Patients
How Aeglero structures patient records around episodes, prevents duplicate charts at intake, surfaces clinical acuity at a glance, and enforces care-team-scoped access on every record.
How Patient Records Are Structured
A patient record in Aeglero contains the person (demographics, contact info, insurance, photo, clinical credentials) and one or more Episodes. Each episode is a self-contained admission cycle with its own admit and discharge dates, assigned bed, primary diagnosis, and forms. When someone is admitted for the first time, Episode #1 is created automatically alongside the patient. When that same person comes back later, you readmit them rather than starting over, and Episode #2 begins, leaving Episode #1's data permanently preserved in the chart. This separation matters in residential addiction treatment, where 30-day, 60-day, and 90-day episodes layer up over time and you need to see each stay's outcomes side by side without losing the chronology.
Patient Records and Episodes
Walk through the patient–episode model and what's stored at each level.
Creating a Patient with Duplicate Protection
New patients are created from the Front Desk page using a comprehensive intake form covering demographics, contacts, address, emergency contact, clinical fields, and an optional photo. As you type the first and last name, Aeglero runs a duplicate check in the background using the strongest signal it has: name plus date of birth is the highest-confidence match, SSN last 4 is the next, and a name-only fuzzy match is the fallback when neither is provided. If a possible duplicate is found, the existing chart is shown with its current status, prior episodes, and last admission date, so the front desk can readmit the existing patient instead of accidentally splitting their history into two charts. Patient codes (PT-001, PT-002, …) are auto-generated unless you supply your own facility-specific code.
Intake and Duplicate Detection
How to register a new patient and what the live duplicate check is doing under the hood.
The Patient Profile and Form Workflow
Each patient profile opens to an overview with their photo, demographics, current status, current episode summary, and acuity flags up top. The Forms area is organized into category tabs that follow the actual rhythm of residential treatment (Pre-Admission, Admission, Consents, Withdrawal Monitoring, Clinical Assessments, Outcome Measurements, Sessions, Discharge), and you can add custom categories on top of these defaults. Within a category, every form your facility's templates expose for that patient is listed with its status (draft or completed). Forms support drawn digital signatures captured directly on a canvas, so signed clinical documents stay legally valid. Templates marked as required-for-admission or required-for-discharge are visually called out, and the system blocks the corresponding admission or discharge action until they're done.
Working with Patient Forms
Walk through the form category tabs, drafting, signing, and the required-form gates.
Acuity Flags and 42 CFR Part 2 Consents
Acuity flags are clinical safety markers (Seizure History, Cardiac Risk, Fall Risk, Suicide or Self-Harm Risk, Severe Withdrawal Risk, Pregnancy, Infectious Disease Precaution, and Elopement Risk) that appear at the top of the patient record so any staff member opening the chart sees them immediately. They're gated by a separate Manage Medical Acuity permission so not every clinician can flip them; typically nursing or medical staff own this. The same patient profile also has a Part 2 consents section where you create, view, and revoke 42 CFR Part 2 consent records: each consent tracks the recipient, the purpose of disclosure, and an expiration date, and revocations are a permanent audit-logged event. Together these two surfaces are the difference between an EMR that 'supports' behavioral health and one that's actually built for it.

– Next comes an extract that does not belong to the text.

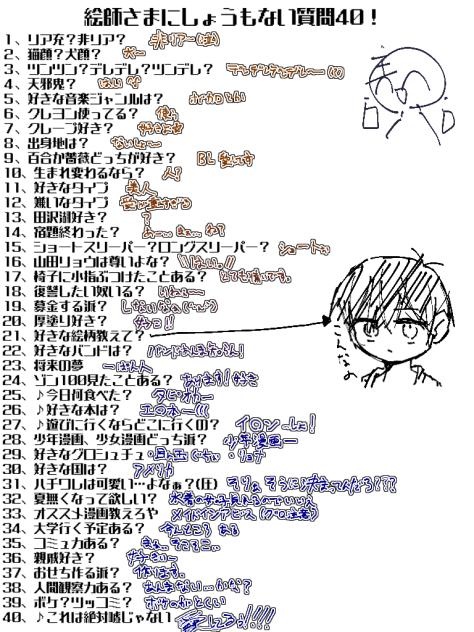 絵師さまにしょうもない質問40～(`･ω･´)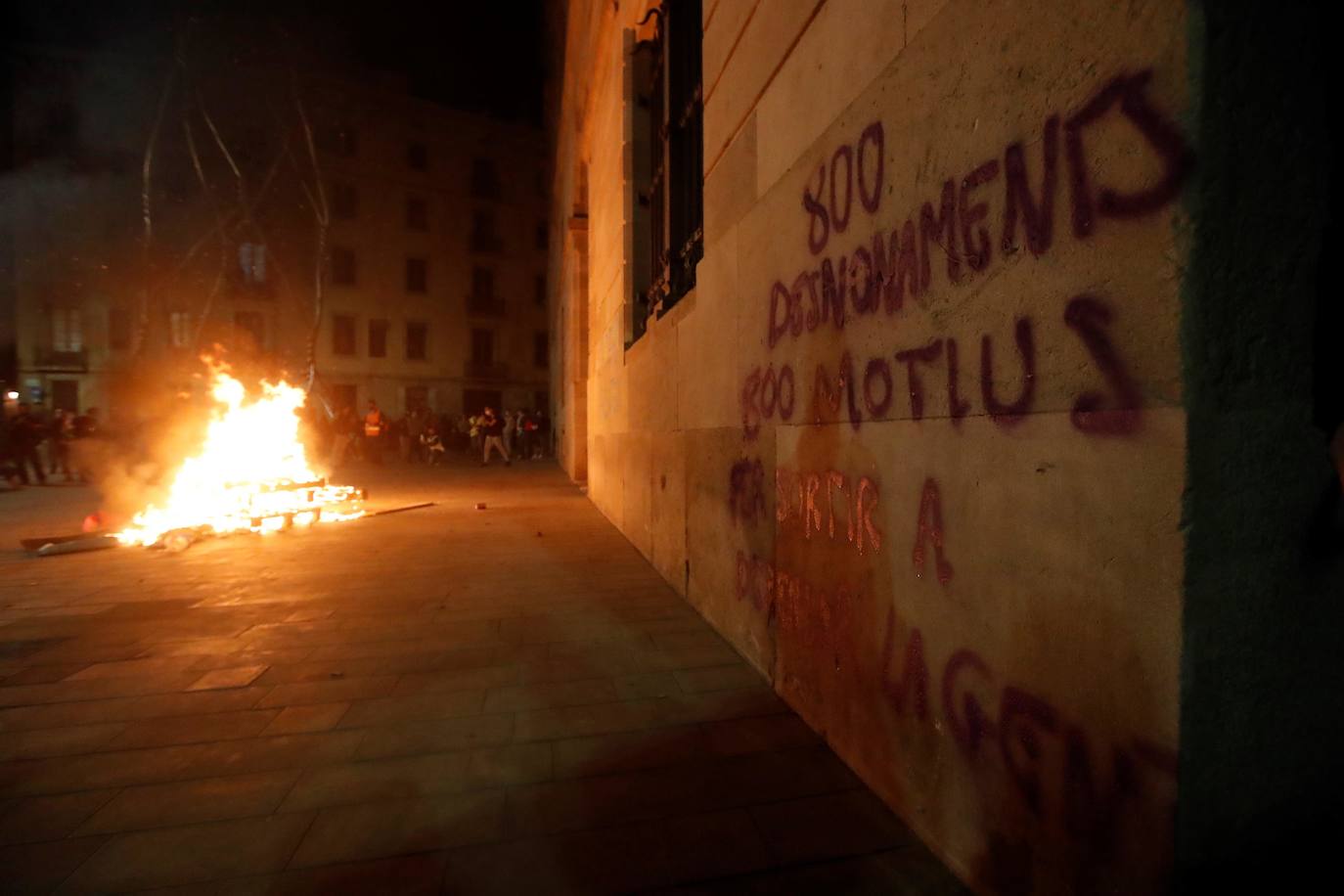 Noche de altercados en Barcelona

Acuity Flags and Part 2 Consents
Managing clinical acuity markers and federal SUD confidentiality consents from the patient record.
Search, Access Control, and Audit
The patient list supports substring search by first name, last name, or patient code, plus a status filter to narrow the view to active, pending, inactive, or archived patients. What appears on the list isn't just a UI filter; it's enforced server-side by Aeglero's two-axis access control: users without the View All Patients permission only see patients assigned to a care team they're a member of, users with only the Front Desk role can only access pending patients, and users with only Archive access can only access discharged ones. Every successful and failed patient access is written to the audit log with the user, IP, timestamp, the patient code touched, and a short description; rapid repeat views by the same user on the same chart are throttled so the log stays useful instead of becoming spam, but every meaningful access leaves a trail.